Question: How to handle big data sets (>10GB) in Bioconductor packages?
0
12 months ago by
Houston, TX
perdedorium0 wrote:

I am running an R script that uses the package MethylMix to download and preprocess all the available methylation data sets from TCGA. However, when I try to process the 450K breast cancer methylation data set (size ~13GB), I get a "Cannot allocate vector of size 12.8 GB" error.

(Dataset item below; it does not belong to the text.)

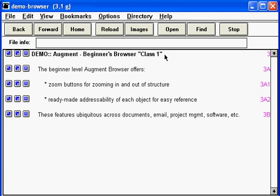And voila, here you have the beginner level Augment Browser. At the top you see what was meant to be a standard, basic, vintage, mid-1990s style browser window.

I am running R 3.4.0 on 64-bit x86_64_pc-linux-gnu using my school's computing cluster, and each node has the following properties:

• Dual Socket
• Xeon E5-2690 v3 (Haswell) : 12 cores per socket (24 cores/node), 2.6 GHz
• 64 GB DDR4-2133 (8 x 8GB dual rank x8 DIMMS)
• No local disk

so it seems as though there should be enough memory for this operation. The operating system is Linux, so I thought that R will just use all available memory, unlike on Windows? And checking the process memory using ulimit returns "unlimited." I am not sure where the problem lies. My script is a loop that iterates over all cancers available on TCGA, if that makes any difference.

sessionInfo():
R version 3.4.0 (2017-04-21)
Platform: x86_64_pc-linux-gnu (64-bit)
Matrix products: default
BLAS/LAPACK: /opt/apps/intel/16.0.1.150/compilers_and_libraries_2016.1.150/linux/mkl/lib/intel64_lin/libmkl_intel_lp64.so
attached base packages: stats, graphics grDevices, utils, datasets, methods, base
loaded via a namespace (and not attached): compiler_3.4.0

Code (inside for() loop):

# Download methylation data.
METdirectories <- tryCatch(
{
}, warning = function(w) {
# For warnings, write them to the output file.
}, error = function(e) {
# For errors, write them to the output file and then skip to the next cancer.
return(NULL)
}, finally = {
# If everything went all right, make a note of that in the output file.
cat(paste("Successfully downloaded methylation data for cancer", i), file=logfile, append=TRUE, sep = "\n")
}
)
if(is.null(METdirectories)) next

# Process methylation data.
METProcessedData <- tryCatch(
{
Preprocess_DNAmethylation(i, METdirectories)
}, warning = function(w) {
# For warnings, write them to the output file.
cat(paste("Warning in cancer", i, "when processing methylation data:", conditionMessage(w)), file=logfile, append=TRUE, sep = "\n")
}, error = function(e) {
# For errors, write them to the output file and then skip to the next cancer.
cat(paste("Error in cancer", i, "when processing methylation data:", conditionMessage(e)), file=logfile, append=TRUE, sep = "\n")
return(NULL)
}, finally = {
# If everything went all right, make a note of that in the output file.
cat(paste("Successfully processed methylation data for cancer", i), file=logfile, append=TRUE, sep = "\n")
}
)
if(is.null(METProcessedData)) next
# Save methylation processed data.
saveRDS(METProcessedData, file=paste0(paste0(targetDirectory, "/Methylation/"), "MET_", i, "_Processed.rds"))
modified 12 months ago by Martin Morgan ♦♦ 23k • written 12 months ago by perdedorium0
Answer: How to handle big data sets (>10GB) in Bioconductor packages?
0
12 months ago by
Martin Morgan ♦♦ 23k
United States
Martin Morgan ♦♦ 23k wrote:

Because R uses 'copy-on-change' semantics, rather than reference-based semantics, it will often make several copies of data during, e.g., function calls. A rule of thumb, that I have no basis for, is that R will typically use 4x the memory of the largest object, so it is in some ways not surprising that you run out of memory here.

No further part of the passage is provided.